Ein weiterer Einwand gegen das aristotelisch-scholastische
Kausalprinzip geht zurück auf das von Newton entdeckte Trägheitsgesetz. Thomas
von Aquin verwendet als Prämisse für seinen ersten Gottesbeweis den Satz: „Alles
was sich in Bewegung befindet wird durch etwas anderes in Bewegung gebracht.“
Dies ist eine andere Formulierung des Kausalprinzips. Seit langem wird nun
behauptet, dass Newtons Trägheitsgesetz dieses Prinzip widerlegt habe.
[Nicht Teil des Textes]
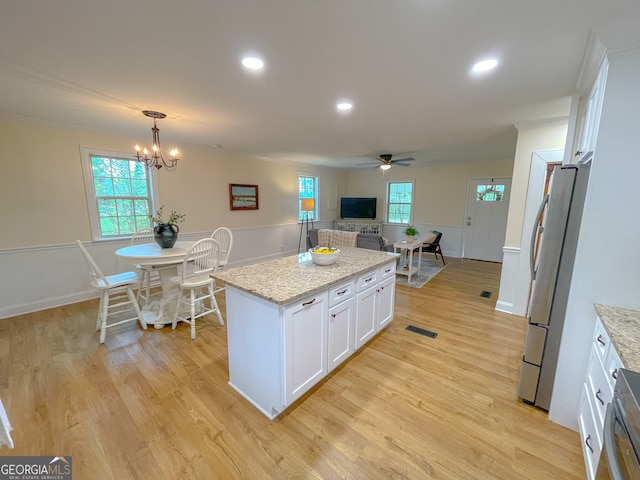 kitchen featuring refrigerator, white cabinetry, light wood-type flooring, and a kitchen island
Das
Gesetz lautet bekanntlich: „„Ein Körper verharrt im Zustand der Ruhe oder
der gleichförmigen Translation, sofern er nicht durch einwirkende Kräfte zur
Änderung seines Zustands gezwungen wird.“
Zunächst lässt sich
dagegen behaupten, dass es keinen formalen Widerspruch zwischen den
Kausalprinzip und dem Newtonschen Gesetz gibt, selbst dann nicht, wenn wir den
Begriff der „Bewegung“ in beiden Formulierungen im selben Sinne verstehen.
Newtons Gesetz besagt, dass ein Körper in einer gleichförmigen und gradlinigen
Bewegung verharren wird, wenn er überhaupt bewegt wird und
solange keine äußeren Kräfte den Körper daran hindern. Das Gesetz sagt nichts
darüber, warum der Körper sich so verhält. Es sagt zum Beispiel nichts
über etwas oder jemanden, der den Körper bewegt.
Wichtiger
allerdings als dieses Argument gegen den Einwand zum Kausalprinzip ist, dass in
beiden Gesetzen nicht über dieselbe Sache geredet wird oder zumindest nicht
über genau dieselbe Sache. Newtons Gesetz sagt nur etwas über die
Ortbewegung, d.h. die Veränderung eines Körpers hinsichtlich des Ortes.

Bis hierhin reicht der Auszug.